Communiqué - 3 novembre 2010

Depuis dix mois, seulement 18 Haïtiens ont bénéficié du programme spécial : le gouvernement du Québec a manqué à son devoir de venir en aide aux sinistrés du tremblement de terre en Haïti

Québec – Le député de Deux-Montagnes et porte-parole de l’opposition officielle en matière d’immigration, Benoit Charette, déplore l’incapacité de la ministre de l’Immigration et des Communautés culturelles, Kathleen Weil, à chiffrer le nombre d’Haïtiens qui ont été accueillis au Québec par le biais du programme spécial mis sur pied par le gouvernement du Québec au lendemain du tremblement de terre en Haïti le 12 janvier dernier.

« Ce programme spécial permettrait d’accueillir 3000 sinistrés. Or, dix mois plus tard, on constate, selon les données obtenues par Citoyenneté et Immigration Canada, que seulement 18 ressortissants haïtiens ont été admis au Québec en vertu de ce programme. De deux choses l’une : ou bien la ministre Weil nage en pleine obscurité, ou bien elle accuse le gouvernement fédéral de mentir. Le résultat, c’est que le programme n’a malheureusement pas fonctionné correctement et ce sont des familles haïtiennes dans la misère qui en paient le prix », a déclaré Benoit Charette.

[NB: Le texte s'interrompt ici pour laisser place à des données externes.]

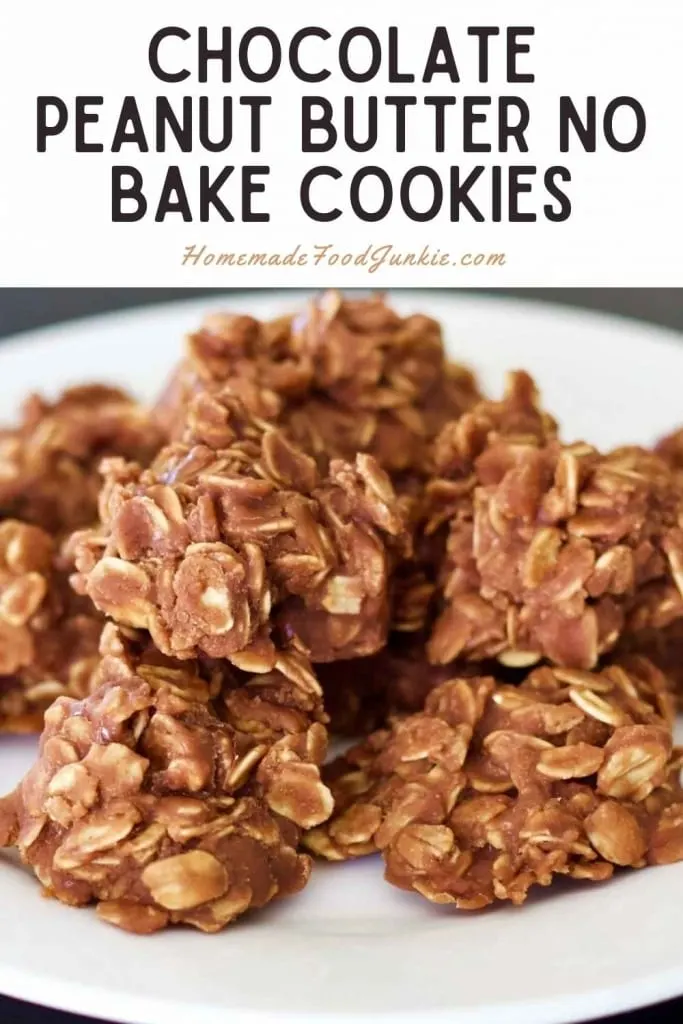 Chocolate Peanut Butter No Bake Cookies-Pin Image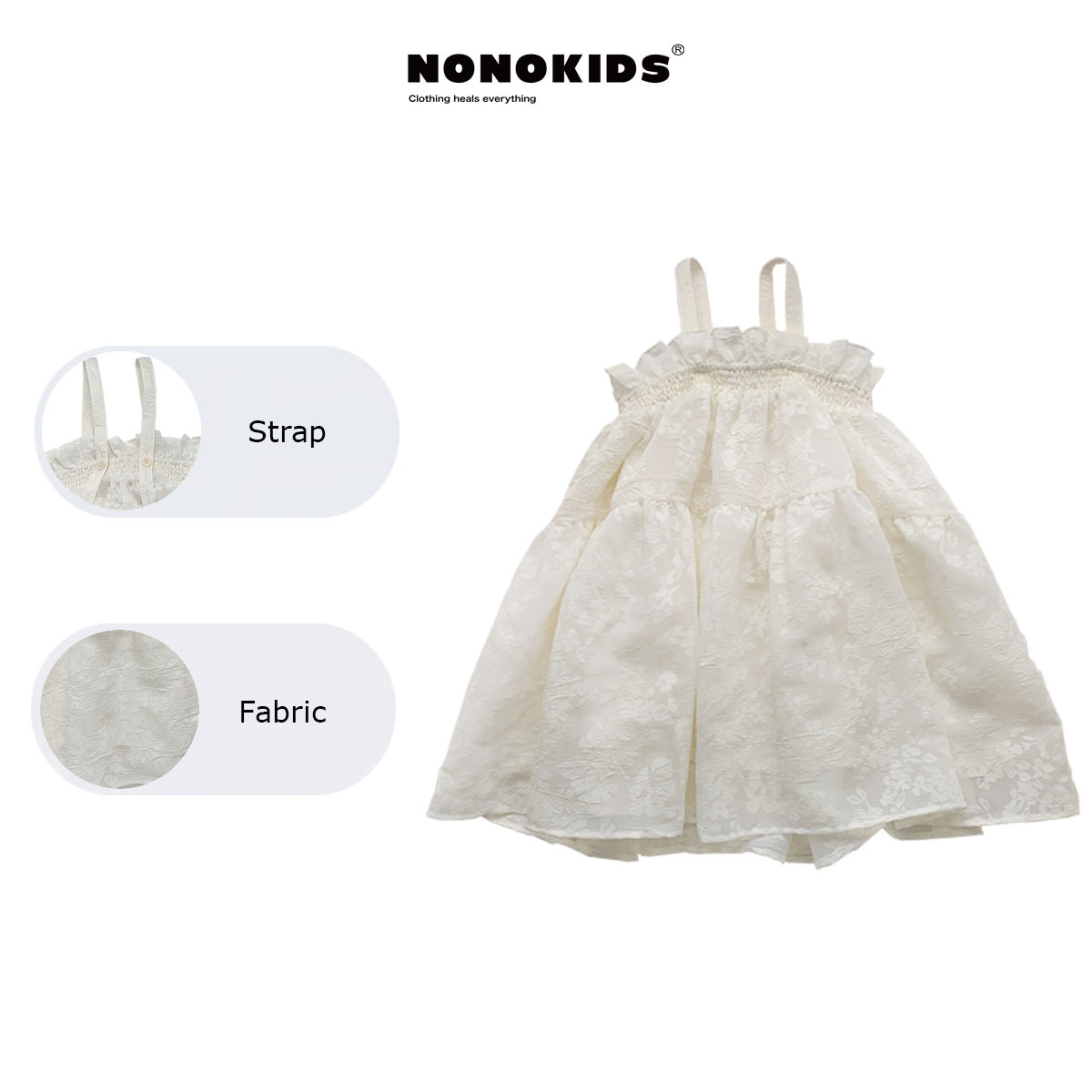UEMO White Printed Ruffled Sundress Girls' Daily Princess Bubble Dress Casual Dress for Girls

L’opposition officielle déplore l’attitude de la ministre Weil qui, ce matin à l’Assemblée nationale, a laissé entendre que plus de 2200 Haïtiens ont été accueillis au Québec depuis janvier dernier. « La ministre Weil gagnerait à dire la vérité. Ces personnes avaient déposé leur demande avant le tremblement de terre. Elles n’ont donc rien à voir avec le programme spécial mis en place par le gouvernement », a précisé M. Charette.

Il estime que le sens humanitaire de ce programme spécial est totalement anéanti. « À la vitesse où vont les choses, les sinistrés qui auront déposé une demande en vertu du programme spécial devront attendre les mêmes délais que s’ils avaient déposé leur demande dans le cadre du programme régulier de réunification des familles, soit près de deux ans. C’est honteux », a conclu le député de Deux‑Montagnes.